Informal caregiving is the foundation of long-term care for the older population in the United States. At least 90% of persons receiving help with daily activities receive some informal care, and about two-thirds receive only informal care (Freedman et al. 2013; Kaye, Harrington & LaPlante 2010; Spillman 2009; Spillman & Black 2005). Reliance on informal care is even higher among those who have spouses or adult children, who are the most common source of informal care. Previous research has found that collectively, informal caregivers to older Americans living in non-institutional settings provide 75%-80% of total care hours, indicating their paramount importance in the long-term care system and the substantial amount of care that would have to be provided otherwise in their absence (Spillman 2009; Johnson & Wiener 2006).
In recognition of their critical role in care for the older population with disabilities, greater emphasis has been placed in recent years on understanding how best to support informal caregivers’ efforts, notably through Administration for Community Living (ACL) initiatives, such as the National Family Caregiving Support Program and Aging and Disability Resource Centers, and more recently through the U.S. Department of Health and Human Services (HHS) National Plan to Address Alzheimer’s Disease.
Research has shown that the financial, emotional, and physical demands of caregiving can be high and that the resulting stress or burden can threaten the ability of caregivers to maintain their efforts. Kasper et al. (1994) found that perspectives on caregiving, including stress, were factors in the decision to end caregiving. Spillman & Long (2009) found that having a highly stressed caregiver was associated with a greater risk of long-stay nursing home entry over a two-year follow-up period and that financial and physical strain were important predictors of perceived high stress from caregiving. A substantial literature has examined caregiving-related stress, burden, and their consequences, especially among caregivers to persons with cognitive impairment (Pinquart & Sorensen 2003, 2007).
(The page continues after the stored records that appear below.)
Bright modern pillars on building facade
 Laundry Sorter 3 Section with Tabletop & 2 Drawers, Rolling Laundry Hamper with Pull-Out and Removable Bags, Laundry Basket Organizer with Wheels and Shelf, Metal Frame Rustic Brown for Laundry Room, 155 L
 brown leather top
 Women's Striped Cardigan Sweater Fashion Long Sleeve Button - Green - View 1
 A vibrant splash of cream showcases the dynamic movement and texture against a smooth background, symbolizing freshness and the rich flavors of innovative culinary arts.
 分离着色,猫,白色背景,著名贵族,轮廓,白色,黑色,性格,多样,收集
In this report, we provide new estimates from the National Survey of Caregiving (NSOC), a nationally representative survey of informal caregivers to the older population, supported by the Office of the Assistant Secretary for Planning and Evaluation (ASPE) within HHS. The NSOC was a supplement to the 2011 National Health and Aging Trends Study (NHATS), a new National Institute on Aging-supported annual survey of a nationally representative sample of Medicare beneficiaries age 65 or older. The NHATS is designed to measure both trends and trajectories of health and functioning and the consequences for the older population, their families, and society. The NSOC is particularly innovative in that it attempts to interview all informal caregivers for a well-defined study population of persons receiving informal help with daily activities from family members or friends.
We address the following questions:
- How many informal caregivers provided help with basic and instrumental activities of daily living (IADLs) to elders with disabilities and how many hours of help did they provide on a monthly basis in 2011?
- How does the type and amount of care provided vary by caregiver characteristics (gender, age, relationship to care-recipient, employment status, and health status)?
- What is the distribution and balance of positive and negative aspects of caregiving by caregiver and care-recipient characteristics?
- What roles do different caregivers play, and how do these different roles and caregiver health and participation in valued activities relate to well-being and negative aspects of caregiving?